With a credit card, all you do is call the issuing bank and demand a chargeback. The shop will have a chance to fight the chargeback and they should have this right since they did the work. But if they aren’t going to fix the problem, many times the only way you have to force their hand is to charge back the money and go somewhere else to have it redone. Also, if possible it’s better to pay with an actual credit card versus a debit card because it’s harder to get your money back with a debit card.
So in conclusion, here are the highlights of what you need to look for and do when getting a window tinting installation done:
- Find a shop that can either show you work they’ve done or prove that they only do one piece back glass, micro-edge installs and no creases;
- References are nice, but most of the time the shop will simply give you their friends numbers to call. Would you want your customers being bothered if you owned the shop? Look at the owner’s car and the employees’ cars if you really want to see the work they do, that will be there best work. People that work in detail and window tinting shops love their cars and they show off their skills on their own vehicles;
- Ask for a copy of the shop’s warranty certificate and see if it is issued by the manufacturer of their window tinting film and make sure you get a copy after the work is performed;
- Ask if your window tinting film installer is an authorized dealer for the window tinting film manufacturer. Most of the time the manufacturer has done at least limited background checks on the shop and the owner to approve them as a dealer;
- Get a copy of their insurance certificate BEFORE you allow them to do anything on your car. Have them fax you a copy before you even come in so you can call and make sure it’s current;
- Pay for the work AFTER the job has been completed and pay by CREDIT CARD to protect yourself;
- Lastly and most importantly, if you aren’t happy with the job they’ve done get them to redo it. If you order food at a restaurant and you complain about a hair floating in your soup do you accept when they tell you “well that’s acceptable according to our industry performance standards.” No, you tell them to get you a new soup or something else.
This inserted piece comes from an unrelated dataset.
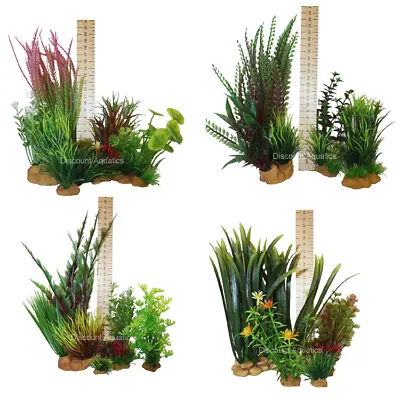  Plant Set Medium  Artificial Plastic Aquarium Fish Tank Plants • £9.99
- Window tinting installation is no different. There shouldn’t be hair and dirt under the film as the shop should take precautions to clean the environment before the film is applied. Make them redo the job or tell them to take it off and you’ll take it somewhere else.
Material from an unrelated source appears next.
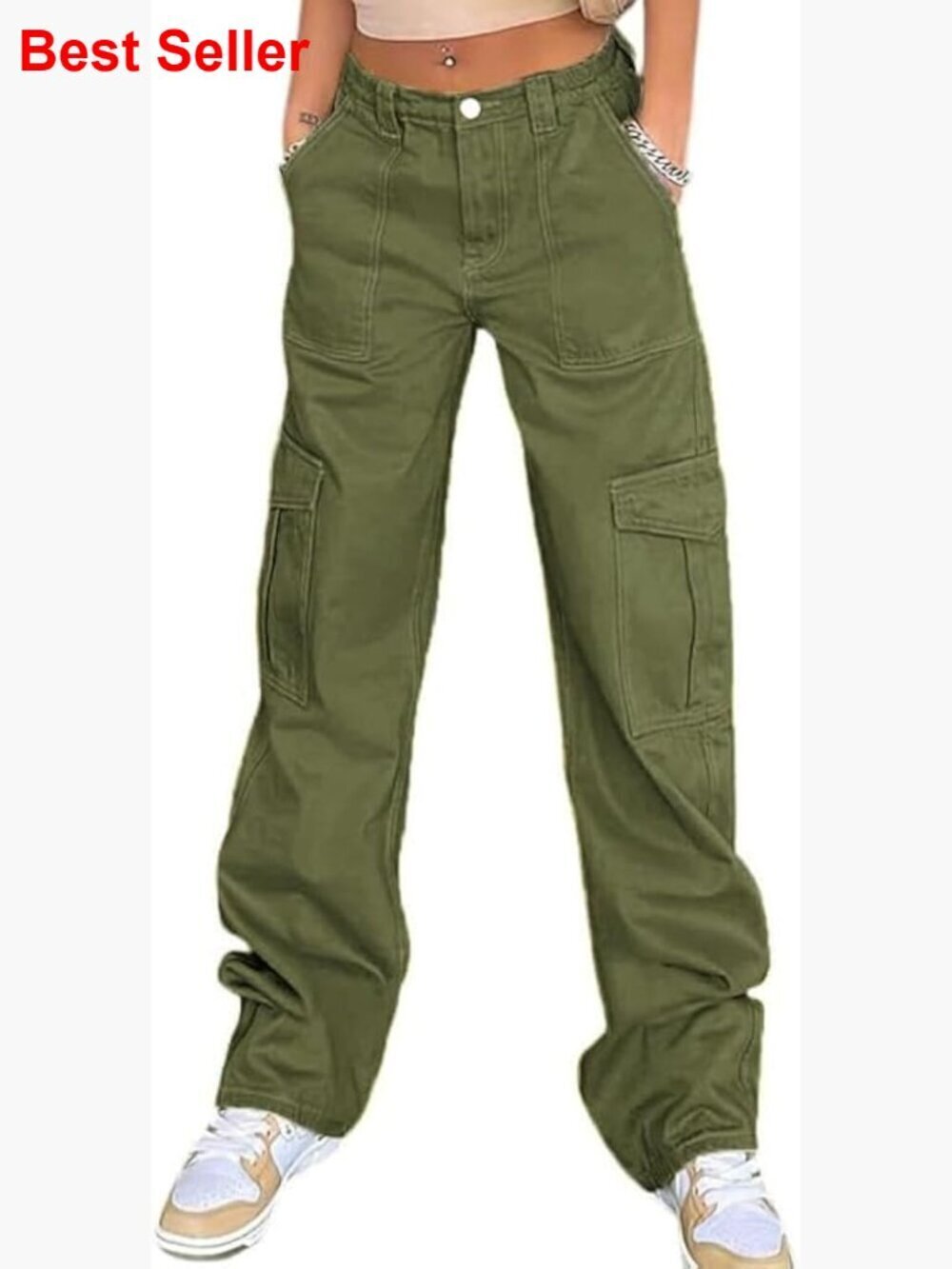 High Waisted Cargo Pants Wide Leg Trousers 95% Cotton 5% Spandex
Pricing for window tinting installation really depends on your area. If you live somewhere that’s warm year-round like Phoenix, the competition is going to be on fire.
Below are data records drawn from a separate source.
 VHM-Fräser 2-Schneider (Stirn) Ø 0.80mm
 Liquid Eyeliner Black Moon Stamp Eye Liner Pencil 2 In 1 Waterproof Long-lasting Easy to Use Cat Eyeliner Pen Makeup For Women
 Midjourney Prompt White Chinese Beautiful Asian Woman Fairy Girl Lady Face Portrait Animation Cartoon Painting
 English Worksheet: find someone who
You’ll be able to find some great prices for real quality work if you check around. On the other hand somewhere in the middle of South Dakota is going to be a lot different. Your average tint job on a standard 4 door car is going to run anywhere from $150 to $300. This also depends on the type of window tinting film and the warranty. I’ve heard of places that charge $600 and others down south that are throwing cheap tint on cars for $59. So these prices really are dependant on many other factors. If you follow the criteria I’ve listed above for you it shouldn’t be hard for you to find a good window tinting film installer and get the job done right for a reasonable price.
Window tinting looks fantastic on a vehicle. It improves gas mileage by allowing your air conditioner to work less and makes the interior occupants more comfortable. Most tint shops are great places and the people who work there really take pride in their work and want to show off pictures of your car to other people and boast of their abilities. Just take a few precautions to protect yourself on the backside of the transaction and your experience getting your car tinted should be an enjoyable one that will give you years of use.